Your task:
Leaving out the images, please output every entry exactly as it appears.

*** Provided material Section Begins ***

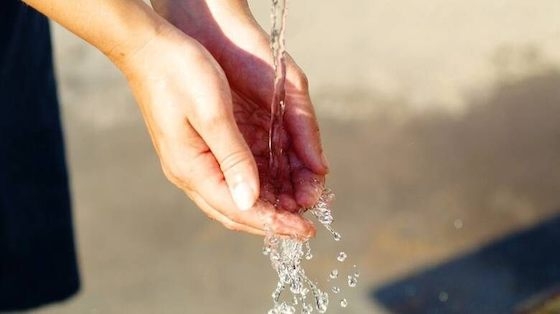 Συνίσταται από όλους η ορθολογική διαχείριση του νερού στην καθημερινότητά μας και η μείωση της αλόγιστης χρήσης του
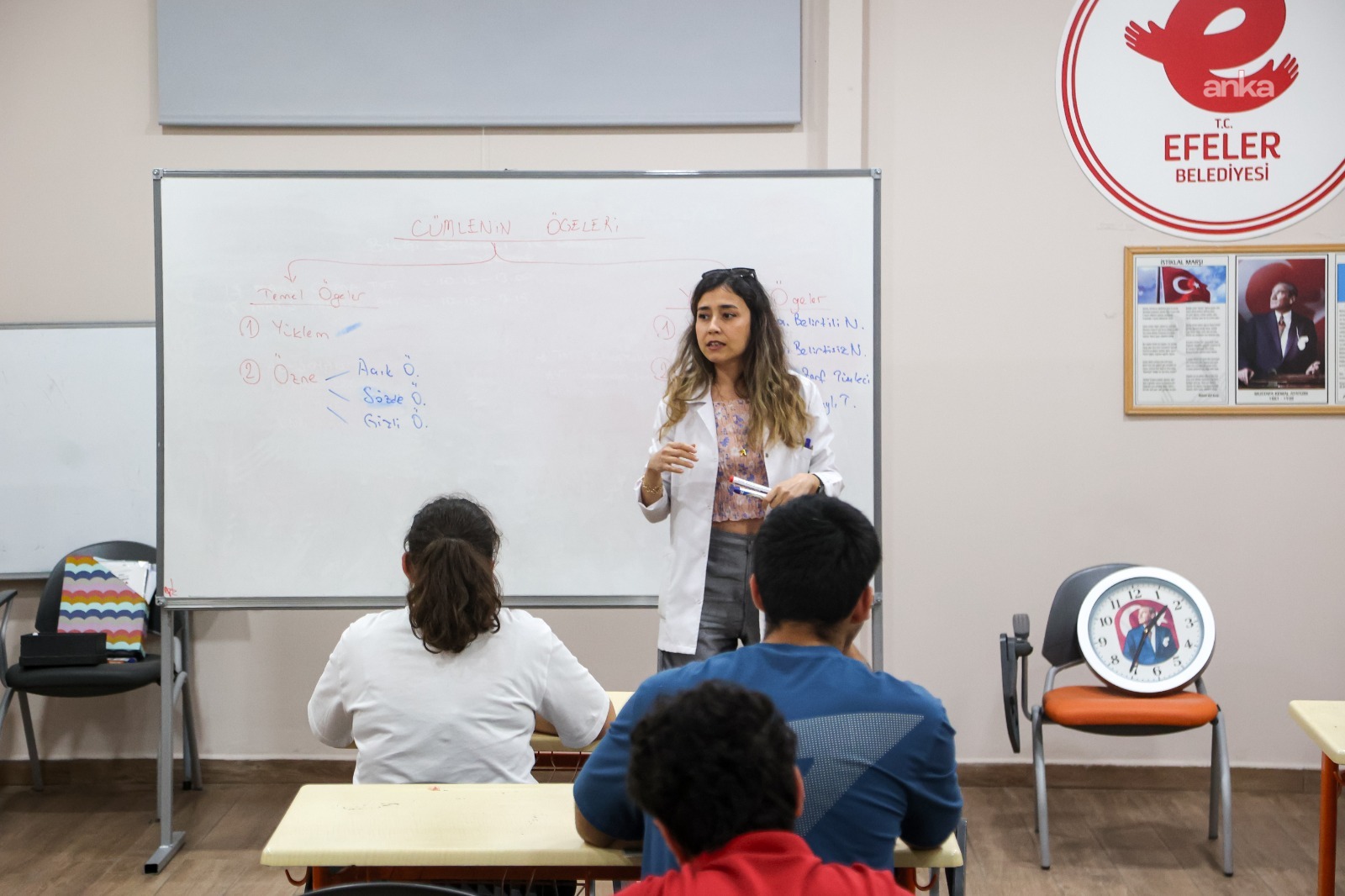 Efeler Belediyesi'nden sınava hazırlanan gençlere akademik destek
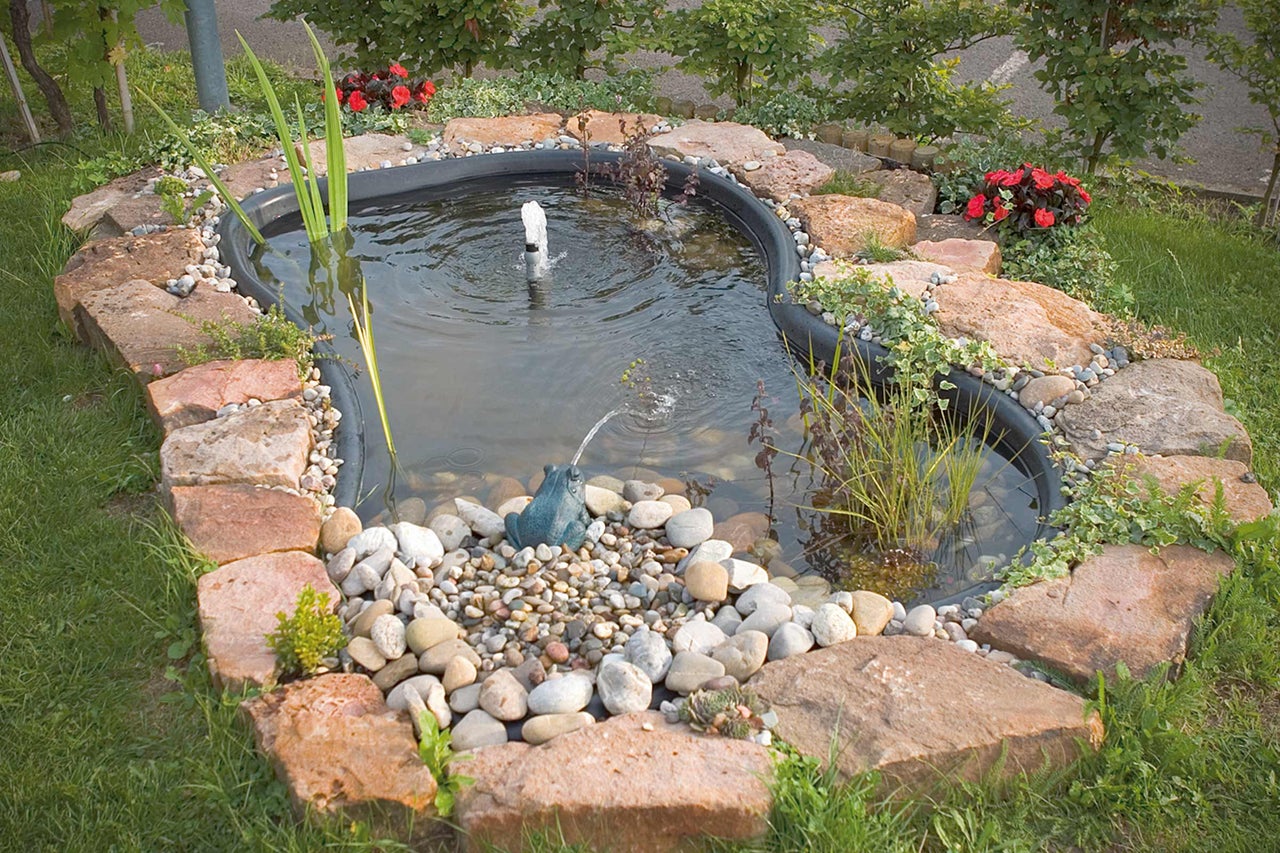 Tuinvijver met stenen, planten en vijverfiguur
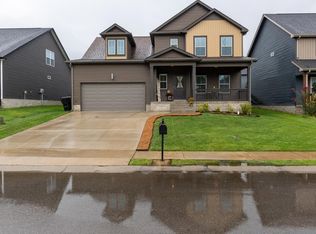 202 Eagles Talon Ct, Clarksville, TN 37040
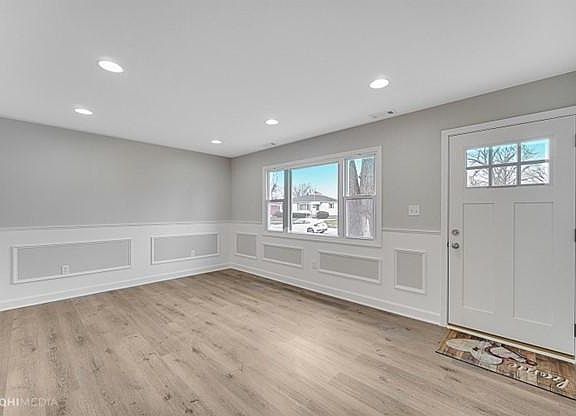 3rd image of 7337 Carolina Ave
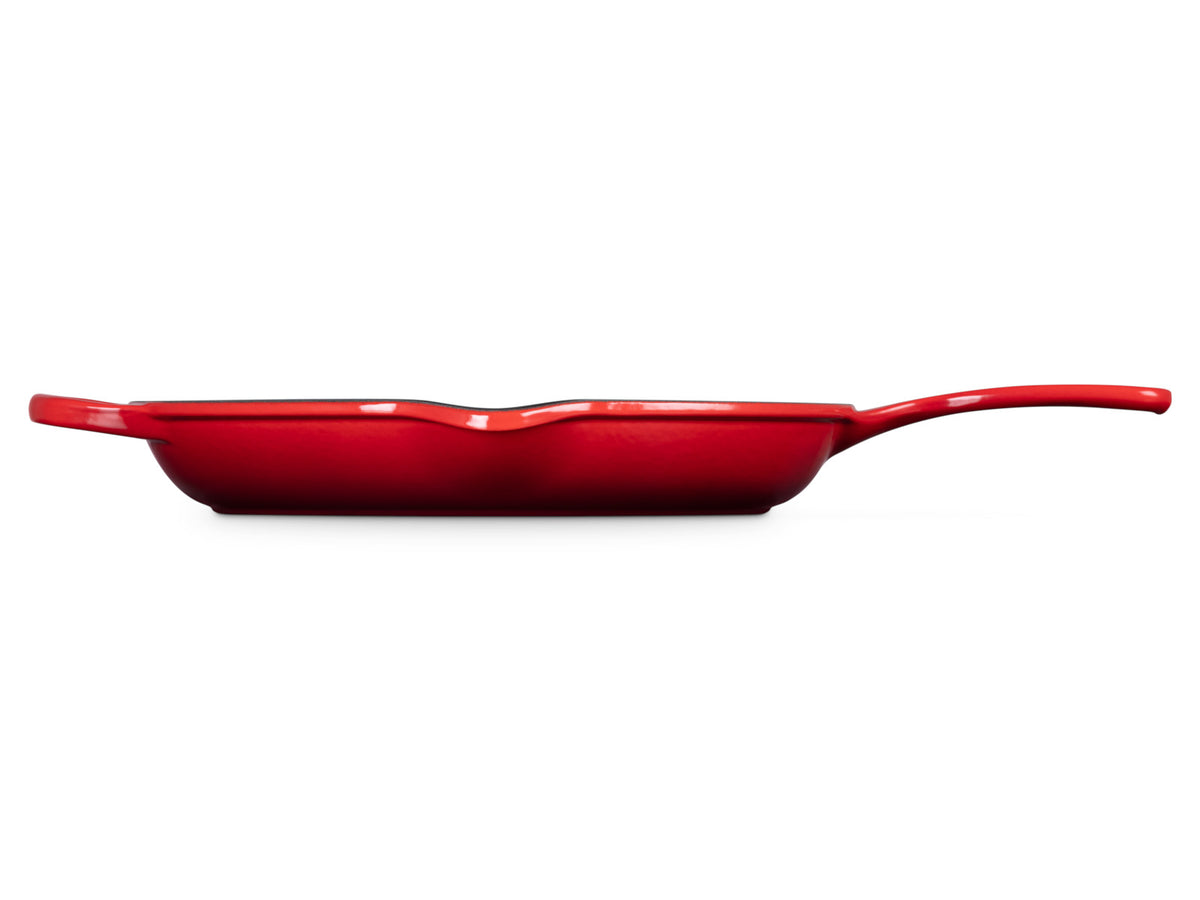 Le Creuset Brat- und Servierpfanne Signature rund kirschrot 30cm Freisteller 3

*** Provided material Section Ends ***

Exercise answer:
 Συνίσταται από όλους η ορθολογική διαχείριση του νερού στην καθημερινότητά μας και η μείωση της αλόγιστης χρήσης του
 Efeler Belediyesi'nden sınava hazırlanan gençlere akademik destek
 Tuinvijver met stenen, planten en vijverfiguur
 202 Eagles Talon Ct, Clarksville, TN 37040
 3rd image of 7337 Carolina Ave
 Le Creuset Brat- und Servierpfanne Signature rund kirschrot 30cm Freisteller 3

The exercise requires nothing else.